Apache Ranger AuditingPDF version

Ranger audit log event summarization

You can summarize Ranger audit events that differ only by timestamp to reduce the amount of events logged in a busy system.

When summarization is enabled, if a Ranger plugin logs consecutive audit events that differ only by timestamp, it coalesces all such events into a single event and set event_count to the number of events logged and event_dur_ms to the time difference in milliseconds between the first and the last event.

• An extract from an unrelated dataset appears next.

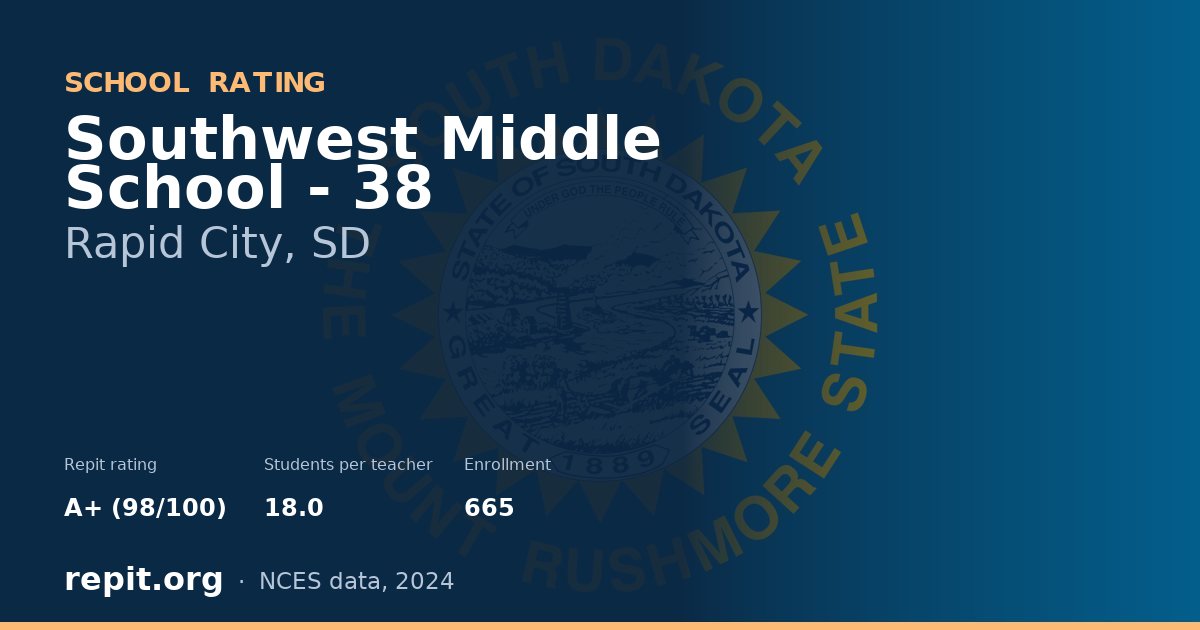 Southwest Middle School - 38, Rapid City, SD — Repit school rating A+ (98/100)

To enable this feature you must set the following properties in the Ranger plugin's configuration (For example, if you want to enable Audit Summary for Hive plugin, you need to add these configurations to the ranger-hive-audit.xml file in Hive configurations):
Configurations Description
xasecure.audit.provider.summary.enabled

To enable summarization set this property to true. This would cause audit messages to be summarized before they are sent to various sinks.

By default it is set to false, which means audit summarization is disabled.

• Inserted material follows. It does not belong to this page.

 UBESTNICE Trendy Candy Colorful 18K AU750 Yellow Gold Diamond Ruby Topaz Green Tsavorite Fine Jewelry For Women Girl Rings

xasecure.audit.provider.queue.size

If unspecified, this value defaults to 1048576, which means the queue is sized to store 1M (1024 * 1024) messages.

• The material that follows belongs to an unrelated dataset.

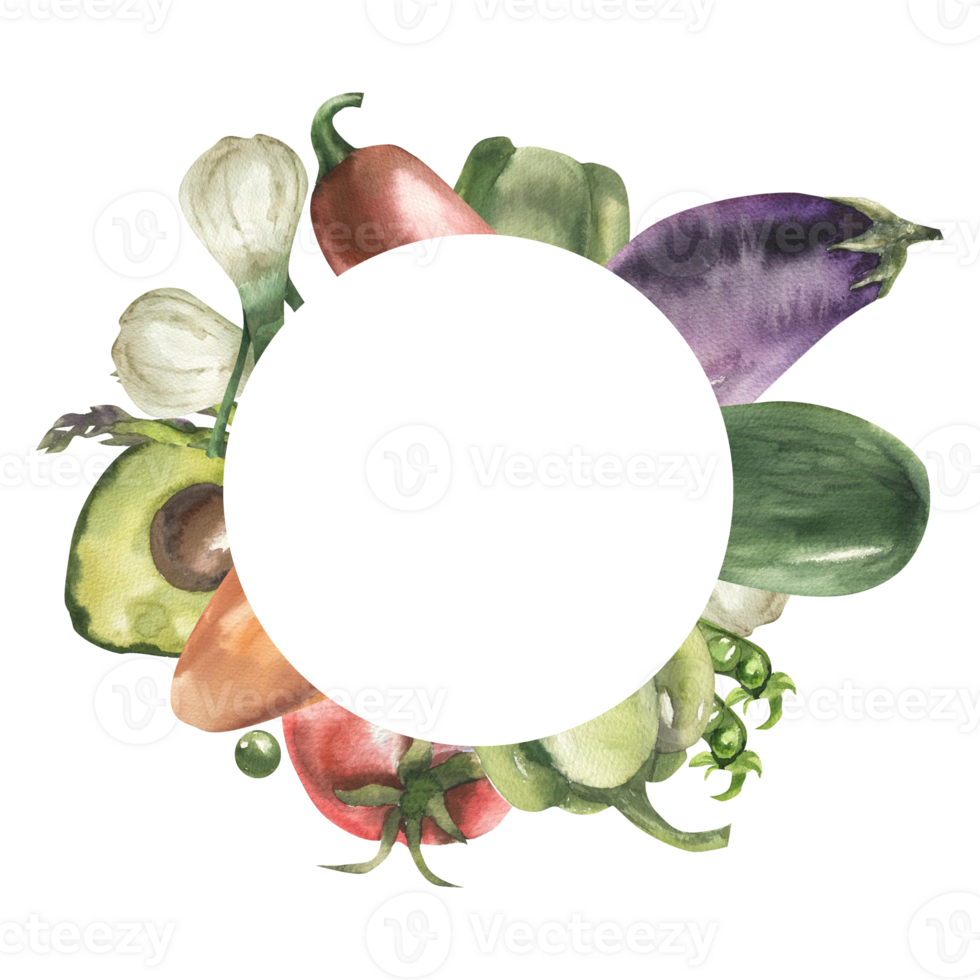 Fresh vegetables watercolor frame with tomatoes,onion,avocado,pepper and eggplant illustrations. Hand drawn vegan food banner with copy space for cafe,restaurant menu, wallaper, poster design png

Note the difference in property name that controls the size of summary queue.

xasecure.audit.provider.summary.interval.ms

The maximum time interval at which messages would be summarized.

If unspecified, it defaults to 5000, which means 5 seconds.

Summarization Batch size

Note that regardless of this time interval while summarizing at most 100k messages at a time are considered for aggregation. Thus, if more than 100k messages are logged during this interval then similar messages could show up as multiple summarized audit messages even though they are logged within the configured time interval.

Currently, this value of 100k is not user configurable. It is mentioned here for better understanding of Summarization logic.